With the myriad bugs that players have been able to unearth over the last month in New World, there have been plenty of assumptions about how the game handles server/client authority, leading to any number of armchair developers claiming to know how the game’s backend works and how problems should be fixed. In response, one of the devs offered a lengthy explanation about just how the game handles transmitting data from user to server, immediately tamping down the prevailing idea that New World is client authoritative.
“From a simulation standpoint New World is entirely server based. At a high level the model is this: clients dispatch controller inputs to the server, and the server then checks that input for limits that might invalidate it, then if accepted uses it as an input to a character (‘actor’ is our internal name) within server memory. Physics and game rules are then run (entirely server side), and the outcome is sent back to the original client. Clients will then draw the outcome determined by the server.”
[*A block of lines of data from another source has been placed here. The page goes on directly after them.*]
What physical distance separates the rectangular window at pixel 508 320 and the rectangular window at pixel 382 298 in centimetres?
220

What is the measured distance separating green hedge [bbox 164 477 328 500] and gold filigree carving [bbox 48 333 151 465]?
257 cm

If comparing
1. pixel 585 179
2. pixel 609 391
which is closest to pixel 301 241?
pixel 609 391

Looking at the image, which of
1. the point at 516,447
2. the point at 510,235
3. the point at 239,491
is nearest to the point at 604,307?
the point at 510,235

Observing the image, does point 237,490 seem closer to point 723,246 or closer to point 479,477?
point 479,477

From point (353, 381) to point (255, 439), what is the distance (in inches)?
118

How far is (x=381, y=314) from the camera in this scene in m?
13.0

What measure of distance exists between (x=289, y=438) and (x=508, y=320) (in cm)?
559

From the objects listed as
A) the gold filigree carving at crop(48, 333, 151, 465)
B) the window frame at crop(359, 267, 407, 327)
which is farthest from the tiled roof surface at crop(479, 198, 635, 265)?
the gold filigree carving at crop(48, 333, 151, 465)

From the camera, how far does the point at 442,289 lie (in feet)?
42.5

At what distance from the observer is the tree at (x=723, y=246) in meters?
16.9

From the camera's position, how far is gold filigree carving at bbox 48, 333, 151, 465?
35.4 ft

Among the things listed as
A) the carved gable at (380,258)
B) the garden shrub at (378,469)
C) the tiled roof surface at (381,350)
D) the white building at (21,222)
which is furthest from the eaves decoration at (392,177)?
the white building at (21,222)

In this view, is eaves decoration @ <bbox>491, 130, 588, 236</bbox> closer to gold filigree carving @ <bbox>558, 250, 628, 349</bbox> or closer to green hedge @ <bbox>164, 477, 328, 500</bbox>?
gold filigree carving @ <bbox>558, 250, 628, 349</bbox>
The post further goes into a deep and technical dig into how the game’s server/client authority runs while explaining a couple of reasons on how bugs work in the game. For those who have ideas on how New World’s architecture runs, it’s a pretty informative read.
In other news, there’s a growing movement among players to create PvP only servers, with one poster positing that people are realizing that New World is lacking in PvE content. There’s even an unofficial open PvP server being organized by EU players to inject a sense of excitement into the game’s open world activities.